Acclaimed historical novelist Epstein (
Let the Dead Bury the Dead) retells Dickens’s classic
Oliver Twist through the perspective of its chief villain, Fagin, in the process redressing the criticisms of antisemitism that have dogged Dickens’s novel for nearly two centuries. Readers first meet Jacob Fagin as he prepares breakfast for his gang of child criminals, including Jack Dawkins (the Artful Dodger), Nancy, and, of course, Oliver. Nan’s boyfriend Bill Sikes is planning a heist and wants the assistance of one of Fagin’s wards, setting in motion a chain of events that will be familiar for readers of Oliver Twist. Epstein also takes readers back decades to Fagin’s childhood, when he lived with his mother in a Jewish enclave of London and fell under the sway of an infamous pickpocket. After his mother’s sudden death, Fagin was forced to survive on his wits, scrounging and hustling with ruthless impunity, forging the reputation that Dickens would immortalize.

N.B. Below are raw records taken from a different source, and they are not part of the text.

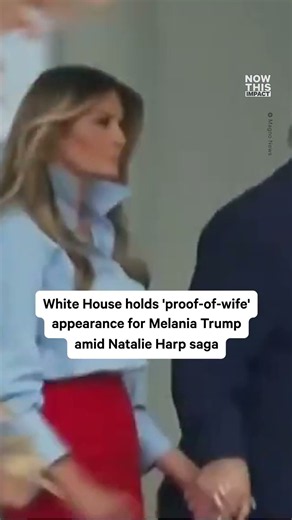 Melania Reappears Amid Trump Speculation
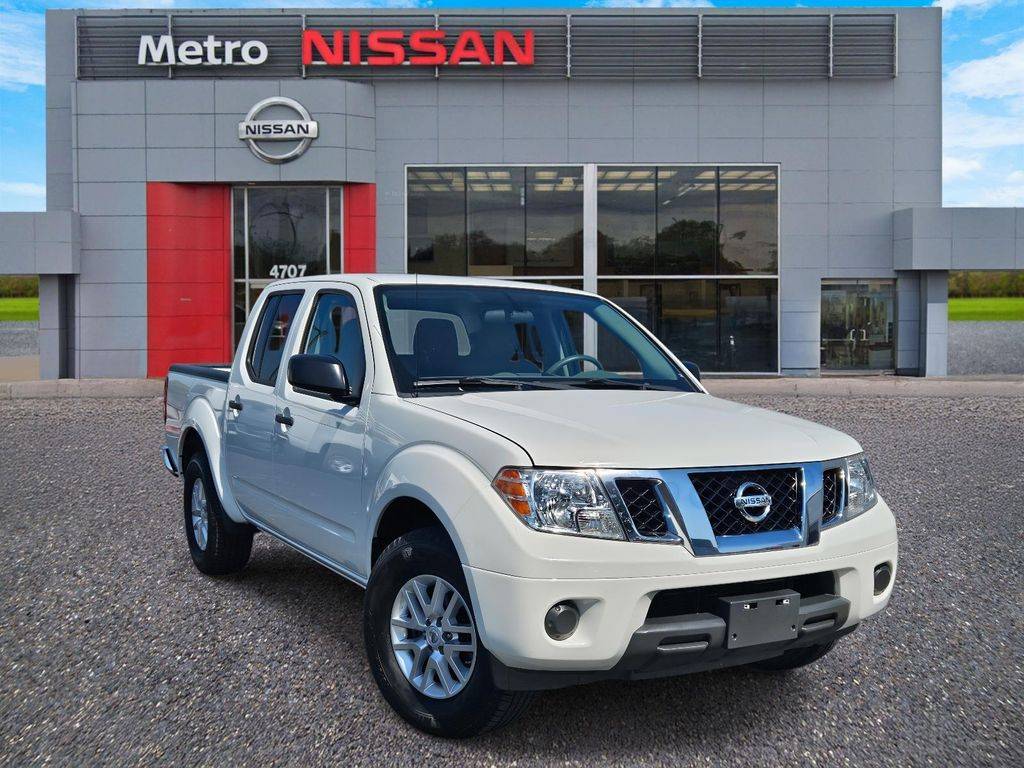 2019 Nissan Frontier SV V6 — Pickup Truck — 77,949 mi — Dallas, TX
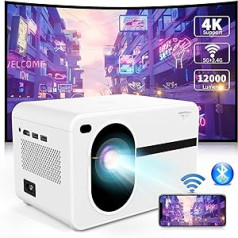 Mini Projector WiFi and Bluetooth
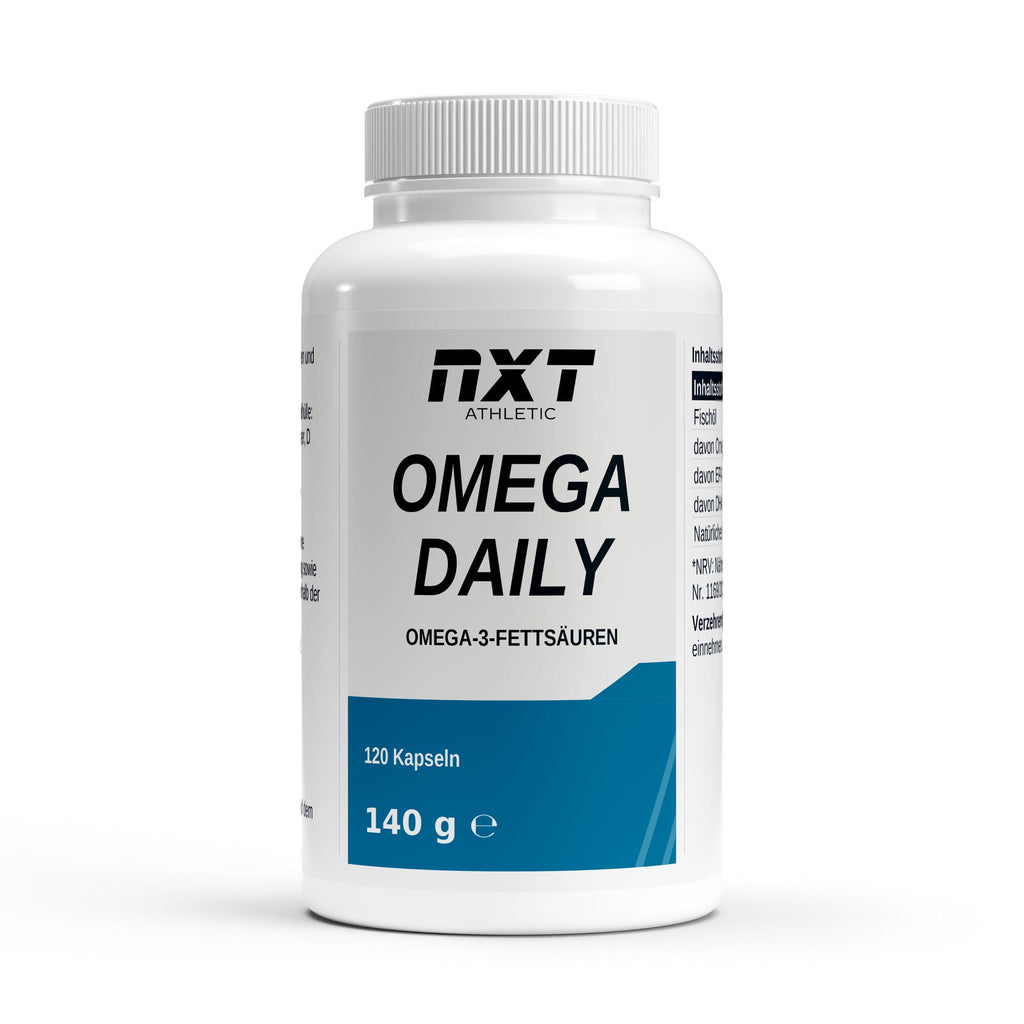 NXT Athletic Omega-3 – Frontansicht
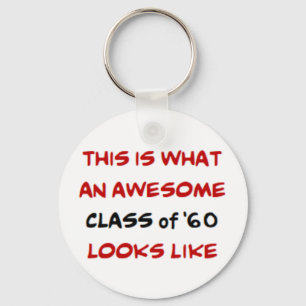 Porte-clés classe de 1960, génial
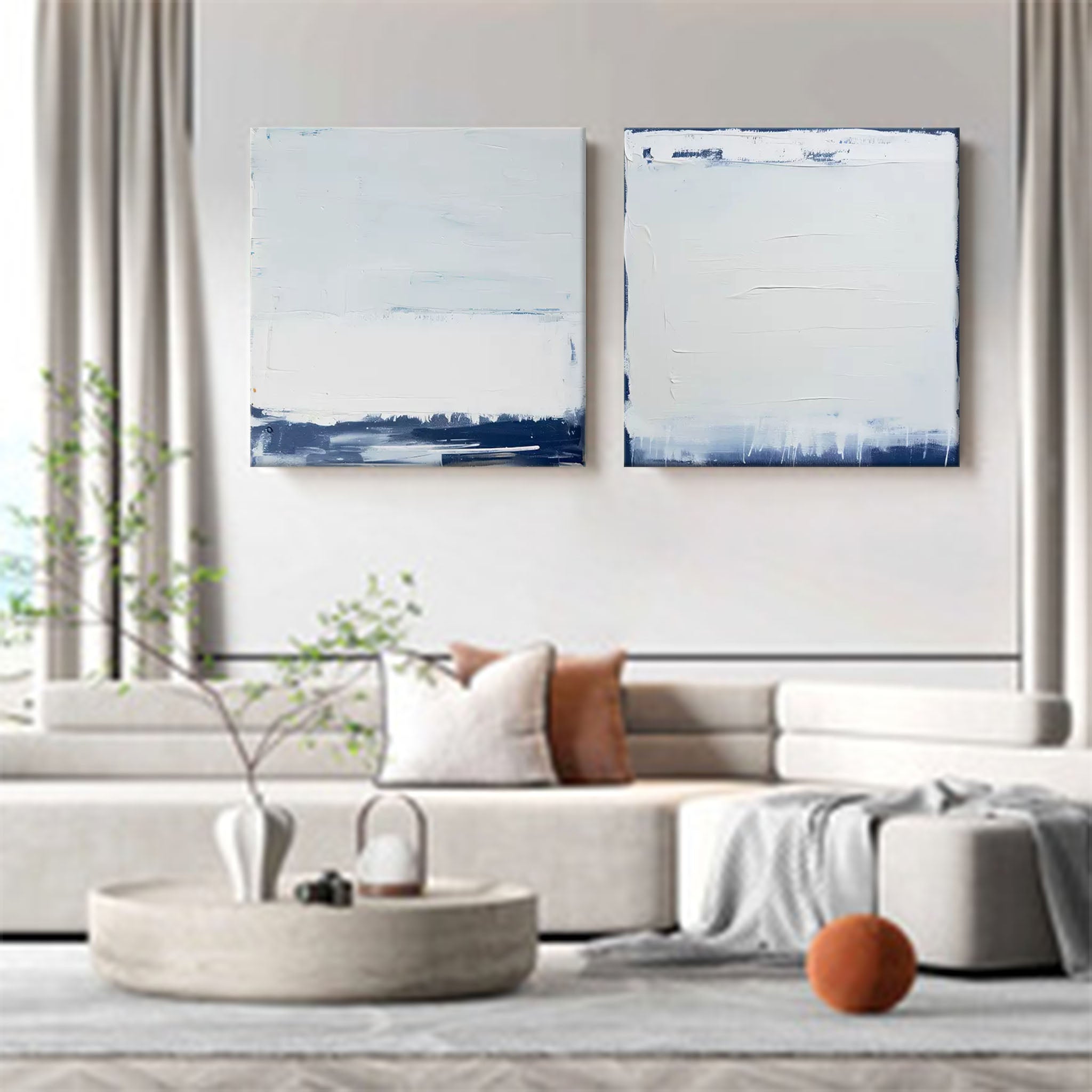 Wallart Abstract Canvas Art #AB313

VERDICT In creating an origin story for the legendary thief, Epstein deftly addresses Oliver Twist’s longstanding “Fagin problem,” not by sanitizing or disowning him, as other adaptations have done, but by lending him a humanity that Dickens’s caricature did not. It’s a lively, finely drawn reimagining and a deeply reverent corrective of a literary monument.